I would like to try out the Mincemeat map/reduce Python application for matrix multiplication. I am using Python 2.7. I found several web pages that describe how to do matrix multiplication using Hadoop in Java, and I have been referring to this one http://importantfish.com/one-step-matrix-multiplication-with-hadoop/ both because it is simple and because the pseudocode that it displays is very close to Python code already.
I noticed in the Java code that is also included that the matrix dimensions are supplied to the map and reduce functions via an additional argument of type Context. Mincemeat doesn't provide such a thing, but I got a suggestion that I could provide these values to my map and reduce functions using closures. The map and reduce functions I wrote look like this:
def make_map_fn(num_rows_result, num_cols_result):
m = num_rows_result
p = num_cols_result
def map_fn(key, value):
# value is ('A', i, j, a_ij) or ('B', j, k, b_jk)
if value[0] == 'A':
i = value[1]
j = value[2]
a_ij = value[3]
for k in xrange(1, p):
yield ((i, k), ('A', j, a_ij))
else:
j = value[1]
k = value[2]
b_jk = value[3]
for i in xrange(1, m):
yield ((i, k), ('B', j, b_jk))
return map_fn
def make_reduce_fn(inner_dim):
n = inner_dim
def reduce_fn(key, values):
# key is (i, k)
# values is a list of ('A', j, a_ij) and ('B', j, b_jk)

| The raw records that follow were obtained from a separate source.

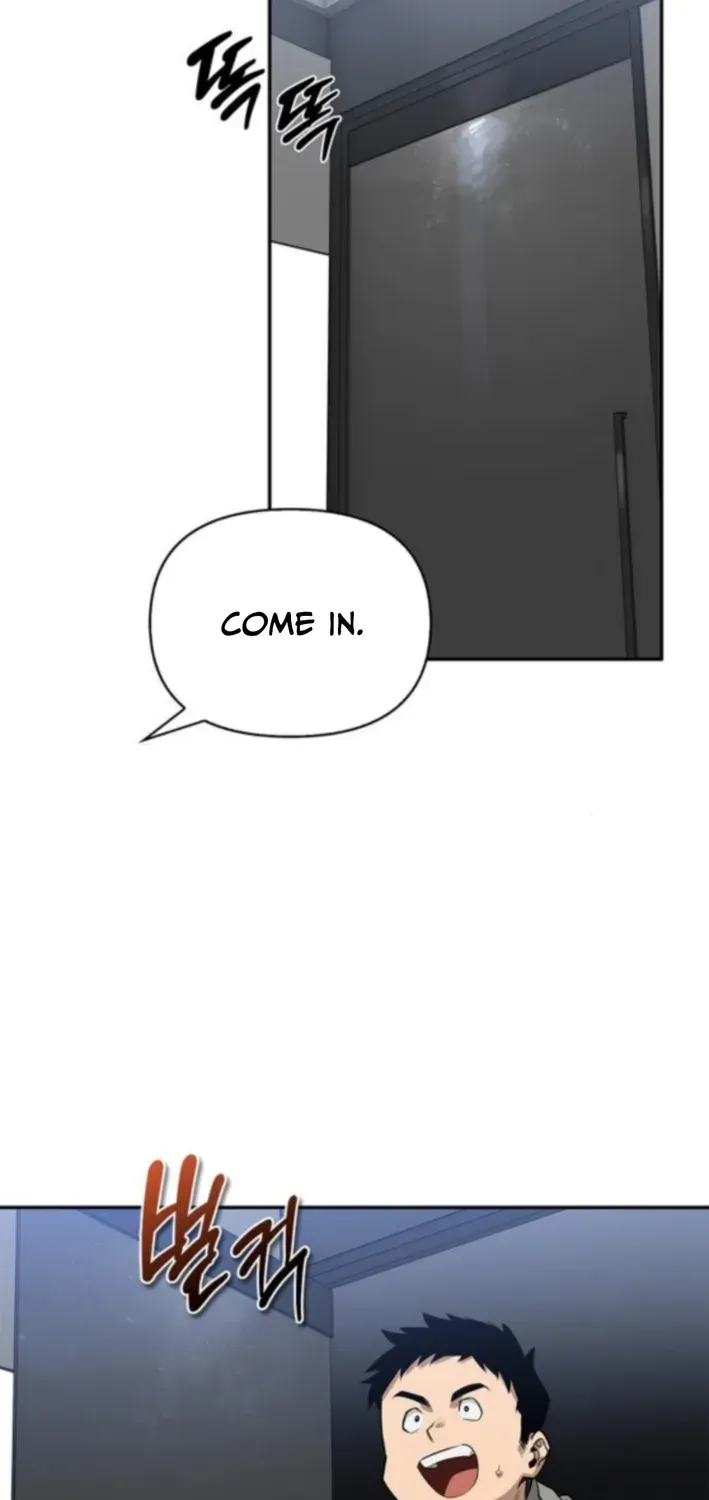 S-Rank Hunter Who Heals with Monsters Chapter 17 page 9 - 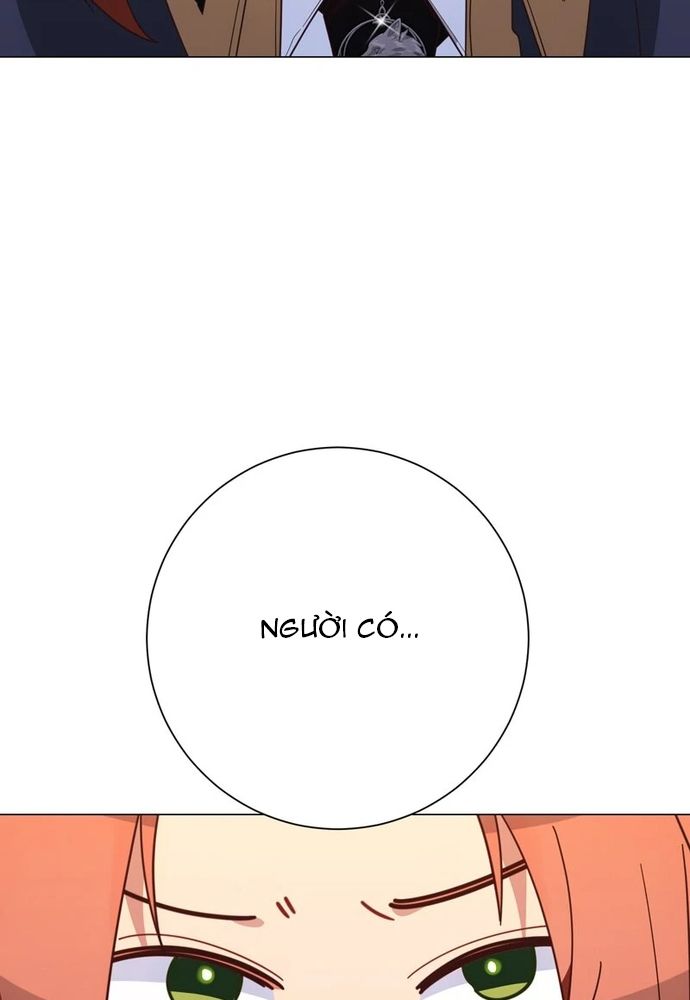 page_90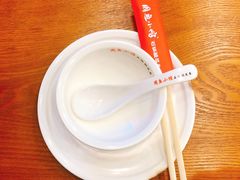 -周鱼小馆石锅酸菜鱼(活力汇店)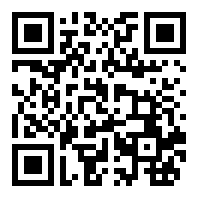 方舟生存进化上帝模式破解版2.0.22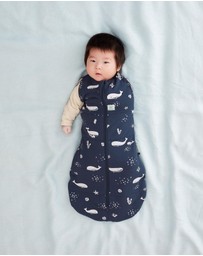 ergoPouch - Cocoon Swaddle Bag 3.5 TOG - ICONIC EXCLUSIVE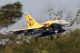 FMS - Dassault Rafale 80mm (4ST17048-A)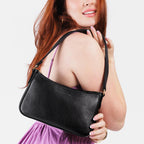 Lucy Shoulder Bag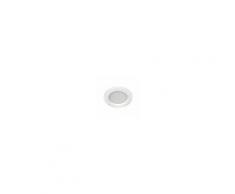 Bioledex LED Einbauleuchten, Einbauleuchte mit wechselbarer Blende, Winkel: 100°, Verbrauch/Leistung: 10W, LMH-1002-495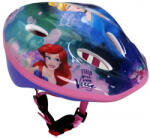 Disney Princezny (52 - 56)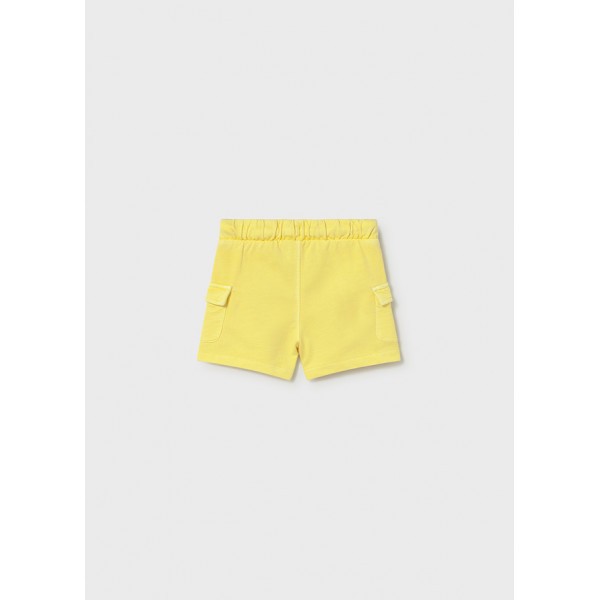 Mayoral šorts, 68-104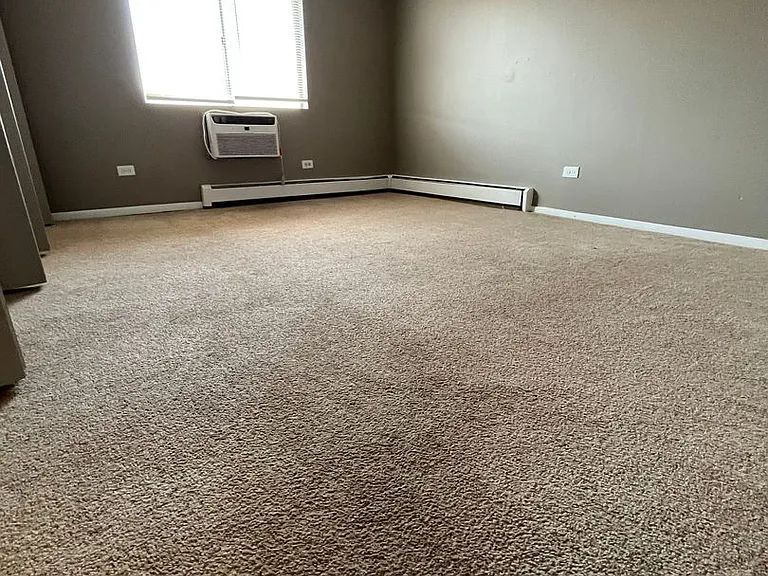 2342 W Nichols Rd — Photo 8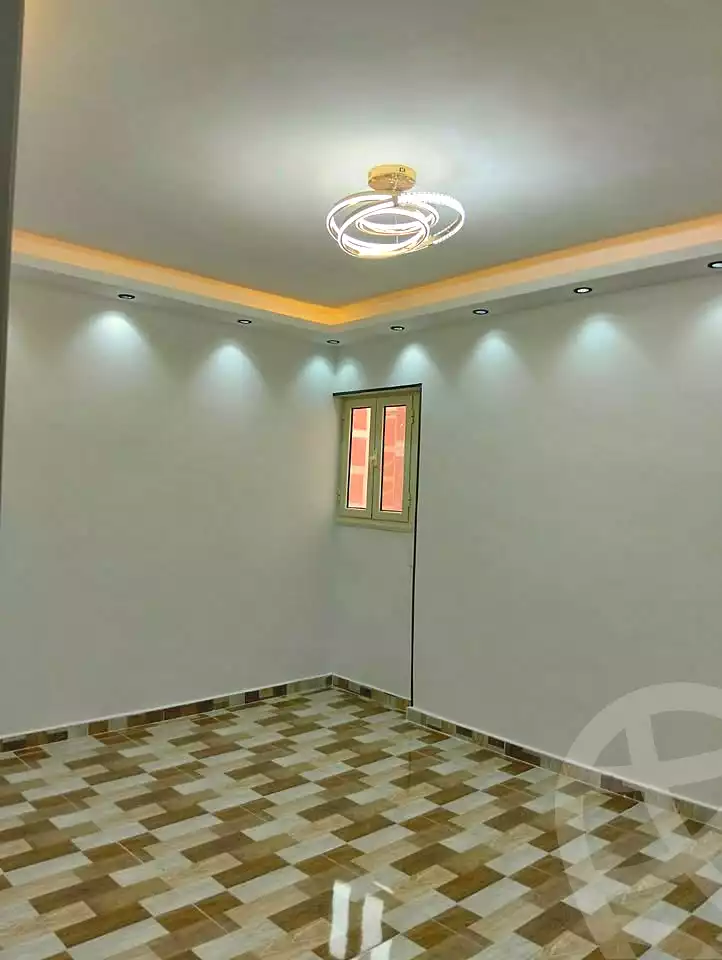 https://aqarmap.com.eg/en/listing/7090330-for-sale-alexandria-al-agamy-bw-ywsf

hash_A = {j: a_ij for (x, j, a_ij) in values if x == 'A'}
hash_B = {j: b_jk for (x, j, b_jk) in values if x == 'B'}
result = 0
for j in xrange(1, n):
result += hash_A[j] * hash_B[j]
return (key, result)
return reduce_fn
Then I assign them to Mincemeat like this:
s = mincemeat.Server()
s.mapfn = make_map_fn(num_rows_A, num_cols_B)
s.reducefn = make_reduce_fn(num_cols_A)
When I run this in Mincemeat, I get this error message:
error: uncaptured python exception, closing channel <__main__.Client connected at 0x2ada4d0>
(<type 'exceptions.TypeError'>:arg 5 (closure) must be tuple
[/usr/lib/python2.7/asyncore.py|read|83]
[/usr/lib/python2.7/asyncore.py|handle_read_event|444]
[/usr/lib/python2.7/asynchat.py|handle_read|140]
[/usr/local/lib/python2.7/dist-packages/mincemeat.py|found_terminator|96]
[/usr/local/lib/python2.7/dist-packages/mincemeat.py|process_command|194]
[/usr/local/lib/python2.7/dist-packages/mincemeat.py|set_mapfn|159])
I searched around on the net with search terms like |python closure must be tuple| and the things that I found seemed to be dealing with cases where someone is trying to construct a function using lambda or function() and need to make sure they didn't omit certain things when defining them as closures. In my case, the map_fn and reduce_fn values returned by make_map_fn and make_reduce_fn look like valid function objects, their func_closure values are tuples of cells containing the array dimensions that I want to supply, but something is still missing. What form do I need to pass these functions in to be usable by Mincemeat?